(Items from a dataset)
BEGIN
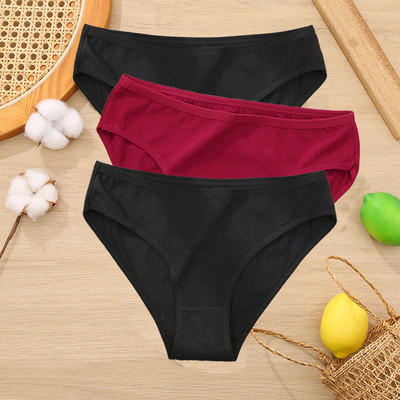 3 ks/sada bavlnených nohavičiek, dámske slipy, žakárový dizajn, dámske nohavičky, sexi dámske spodky, jednofarebné intímne nohavičky, veľkosť S-XL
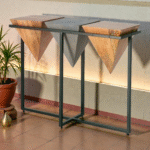 TriVexa Industrial Solid Wood & Metal Console Table | Modern Handcrafted Entryway Table – India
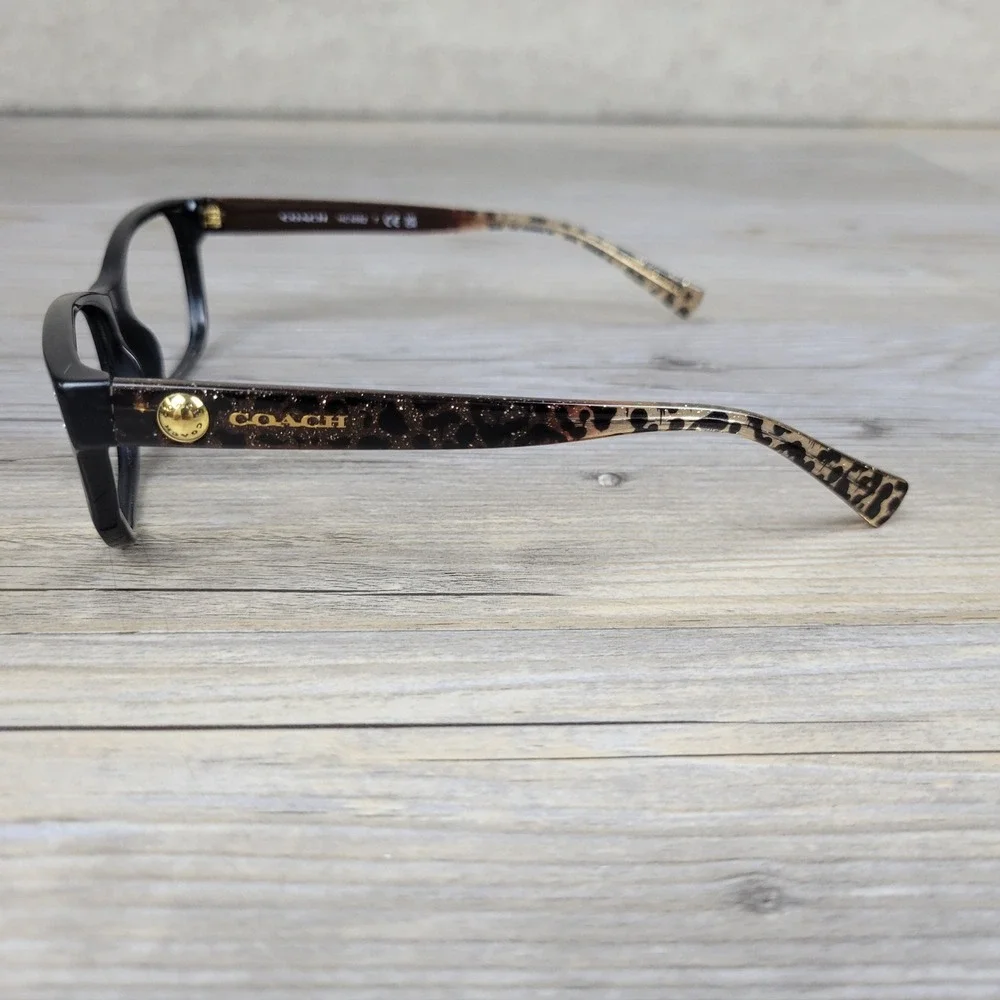 Coach Eyeglasses Frames HC 6082 T 5353 Black/Wild Beast Animal Print 53-17-135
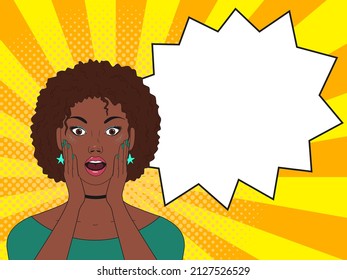 Surprised afro woman. Comic woman. Wow face female. Pop Art vintage vector illustration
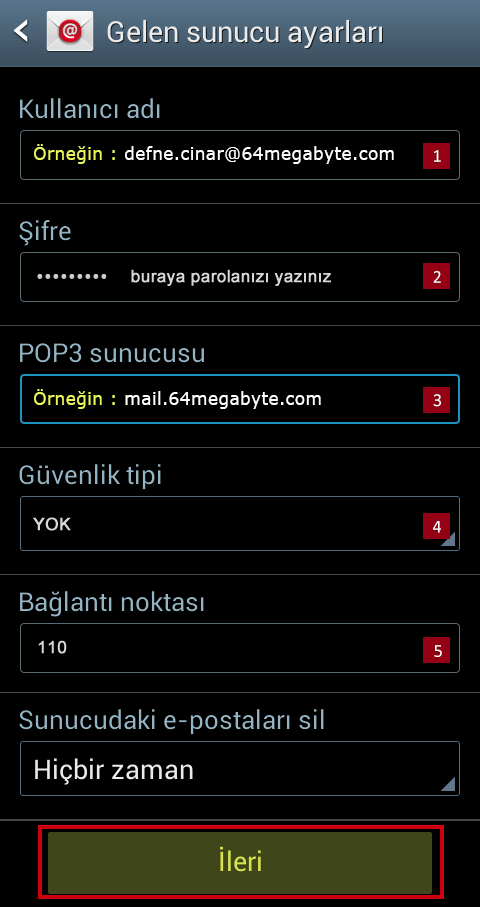 Android E-Posta Kurulumu Adım 4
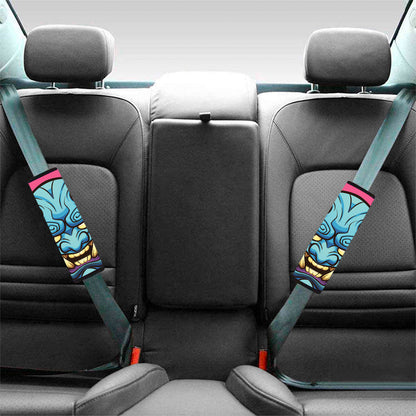 Blue Japanese Demon Print Car Seat Belt Covers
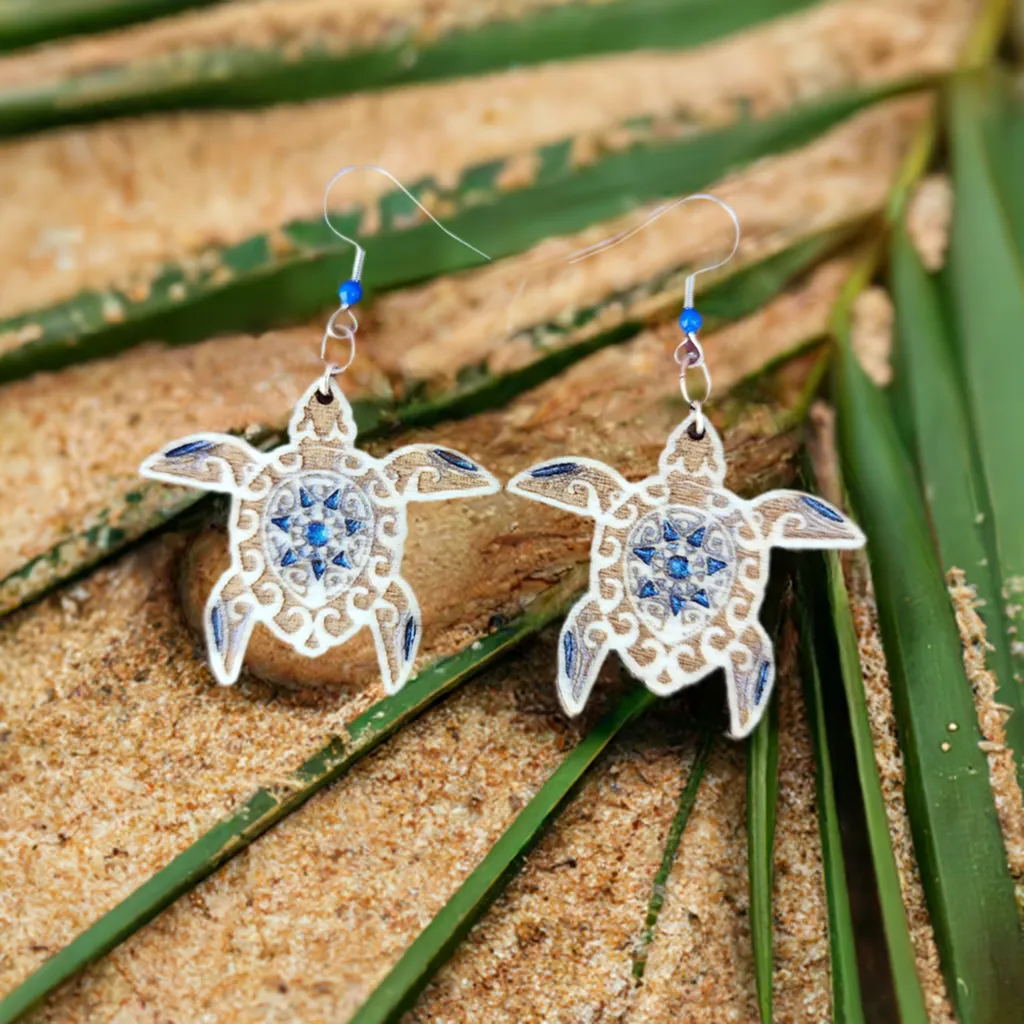 Engraved Wooden Earrings  Sea Turtle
END
To do:
Exclude all pictures and return precisely the lines from the one containing "Blue Japanese Demon" through the closing line of the data.

Exercise response:
 Blue Japanese Demon Print Car Seat Belt Covers
 Engraved Wooden Earrings  Sea Turtle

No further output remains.